Some people don't seem to place much value on their own lives. I don't understand that mentality.


----------



## Don M. (Jan 30, 2022)

If this virus lingers for several more years....which is quite possible....the number of those refusing the vaccines will decline substantially, as they die.  
One of our Granddaughters is a nurse at a nearby hospital.  Outside of a few elderly, who already had major health issues, the vast majority of patients who had a severe case of Covid and/or died, were unvaccinated.


----------



## Della (Jan 30, 2022)

It's so sad.  I've always admired people who are willing to sacrifice for their convictions,-- in this case he sacrificed his job and ultimately his life -- but I have to wonder why.  Why this particular issue?  My husband was in the military for 22 years, the troops had to have all kinds of vaccinations and even more down the road tailored to which country they were being deployed to, I never heard a single complaint.


----------



## Sunny (Jan 30, 2022)

CarolfromTX said:


> A little schadenfreude going on here perhaps? Coupled with some finger wagging (you’d better get vaccinated, you naughty people” ) it really isn’t a good look. Stop it.

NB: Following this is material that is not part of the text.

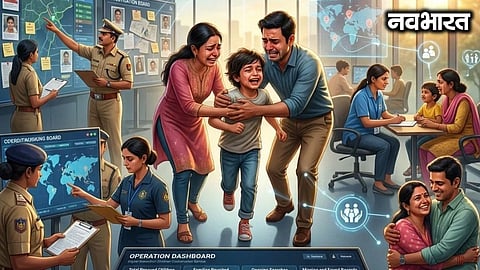 Mumbai Police launches special operation 'Shreshth 5' to search for missing children and adults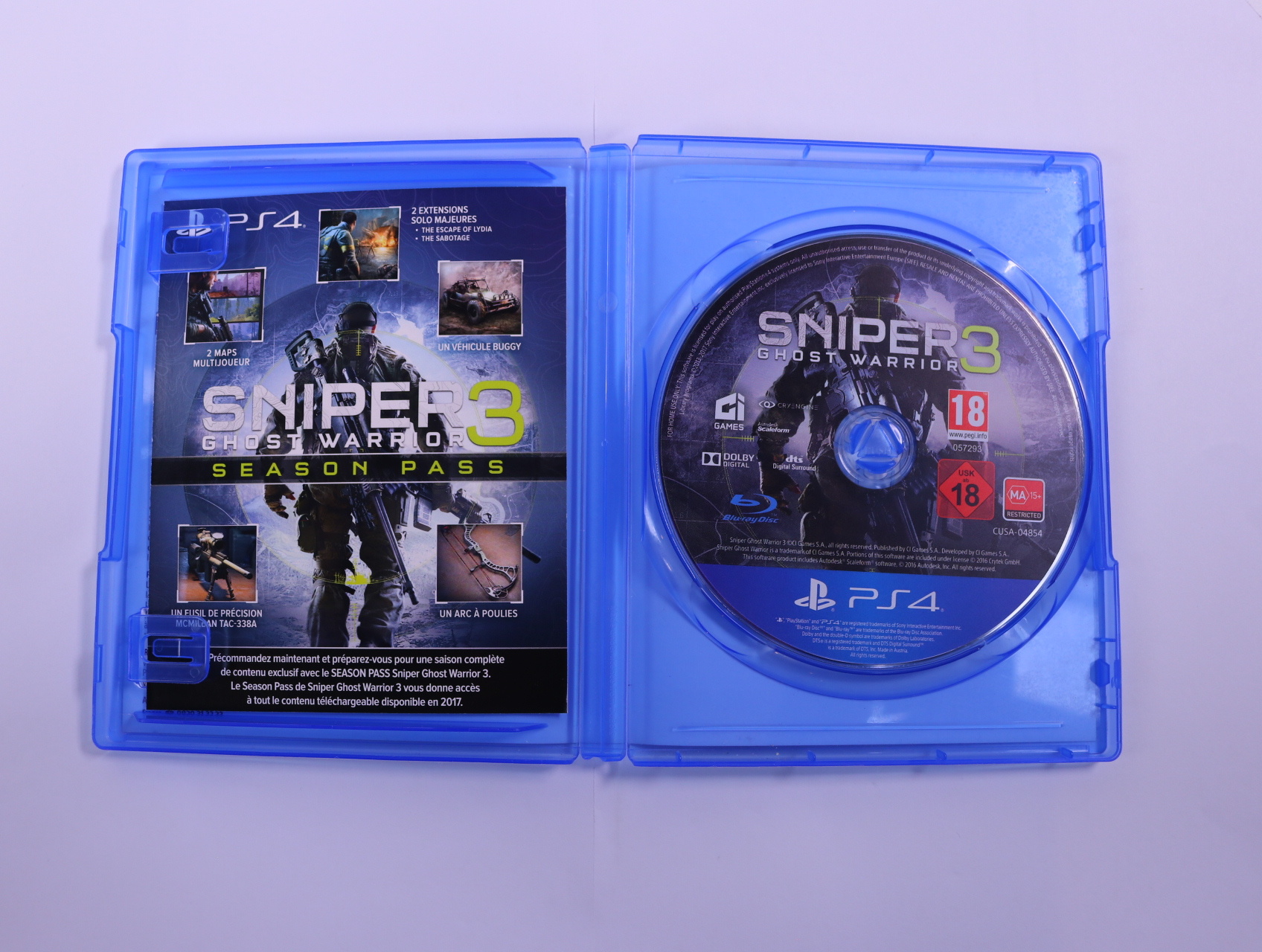 Playstation 4 - Sniper Ghost Warrior 3 - productfoto 3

Oh, but the finger-wagging is OK when it's done by the anti-vaxxers, every time a vaccinated person gets the disease?  Just look back through the history of this topic. There are a few people on this forum who can barely contain their glee any time a problem comes up with the vaccine, or any time the statistics show an increase in people getting Covid. (Never mind that the people who had the sense to get vaccinated get a mild illness, with very few exceptions, if they get any symptoms at all.)

Or any time a pharma company makes a profit from producing the vaccine, a business concept apparently unknown until now. This is a huge sin apparently to some, even though the vaccine is free of charge.

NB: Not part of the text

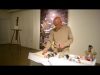Artist Demonstration of Egg Tempera Liminal State Panels 1 Hour 16 Min
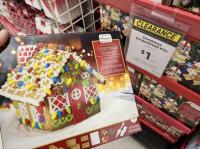 Christmas Gingerbread House Kits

We can't have it both ways. If people choose to ignore an obvious life saver offered to them, because they believe a quack doctor or a tin-horn politician instead of science, well yes, most people are going to think (or say out loud) that they brought it on themselves. 

I take no joy in the suffering that this disease brings on those unfortunate to get very sick or die from it. They are fellow human beings. But how can we not think, "What can you expect?"


----------



## ElCastor (Jan 30, 2022)

I suspect the decision not to vaccinate often comes down to an irrational and extreme fear of needles known as trypanophobia. Those who suffer from this probably invent stories to justify their behavior rather than admit the real problem. I have a niece who literally faints after being injected with anything. Many of us may know, or have heard of, people like that.


----------



## CarolfromTX (Jan 30, 2022)

Sunny, I think finger wagging is never a good look for anyone. I told you so is unhelpful at best and tacky as well. I am vaccinated but I believe it’s an individual choice. So when people seem to delight in posting disdainful stories about the unvaccinated, I simply point out what it is — schadenfreude.


----------



## Della (Jan 30, 2022)

CarolfromTX said:


> Sunny, I think finger wagging is never a good look for anyone. I told you so is unhelpful at best and tacky as well. I am vaccinated but I believe it’s an individual choice. So when people seem to delight in posting distainful stories about the unvaccinated, I simply point out what it is — schadenfreude.


If you're reading delight in any of these posts you're reading through a different lens than mine.  
Yes, there is a certain irony in these stories, but no one is laughing. As the OP says, it's sad, but there's a silver lining in a chance that other unvaccinated people will learn from these examples.  No one is happy about this man's death.


----------



## Lethe200 (Jan 30, 2022)

Della said:


> It's so sad.  I've always admired people who are willing to sacrifice for their convictions,-- in this case he sacrificed his job and ultimately his life -- but I have to wonder why.  Why this particular issue?  My husband was in the military for 22 years, the troops had to have all kinds of vaccinations and even more down the road tailored to which country they were being deployed to, I never heard a single complaint.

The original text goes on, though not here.